I know that most men, including those at ease with problems of the greatest complexity, can seldom accept even the simplest and most obvious truth if it be such as would oblige them to admit the falsity of conclusions which they have delighted in explaining to colleagues, which they have proudly taught to others, and which they have woven, thread by thread, into the fabric of their lives.
Leo Tolstoy, What is Art? opening to ch 14,
Translation from: What Is Art and Essays on Art
(OUP, 1930, trans. Aylmer Maude)
This is the characteristic structure of what I shall call a dynamo-objective coupling. Alleged scientific assertions, which are accepted as such because they satisfy moral passions, will excite these passions further, and thus lend increased convincing power to the scientific affirmations in question - and so on, indefinitely.
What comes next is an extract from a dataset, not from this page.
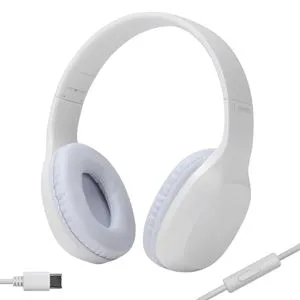 Casti Audio Foldabile cu Microfon Type-C și Conectare Modernă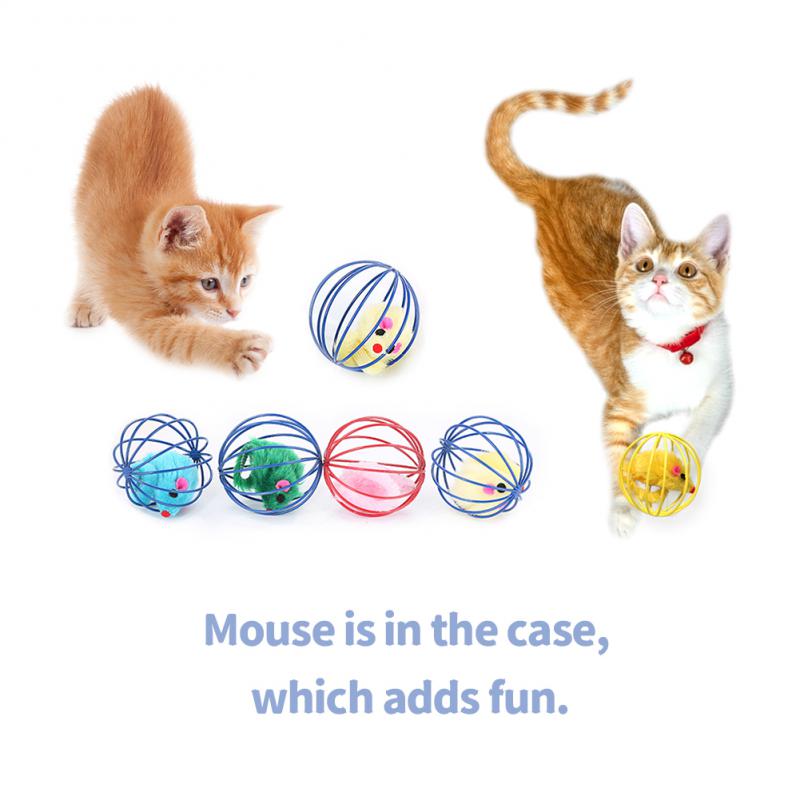 Cage Mouse Toy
Moreover, such a dynamo-objective coupling is also potent in its own defence. any criticism of its scientific part is rebutted by the moral passions behind it, while any moral objectives are coldly brushed aside by invoking the inexorable verdict of its scientific findings. Each of the two components, the dynamic and the objective, takes it in turn to draw attention away from the other when it is under attack.
Polanyi, Personal Knowledge, pp229-230
The way scientists try to convince people is hopeless because they present evidence, figures, tables, arguments, and so on. But that’s not how to convince people. People aren’t convinced by arguments, they don’t believe conclusions because they believe in the arguments that they read in favour of them. They’re convinced because they read or hear the conclusions from people they trust. You trust someone and you believe what they say. That’s how ideas are communicated. The arguments come later.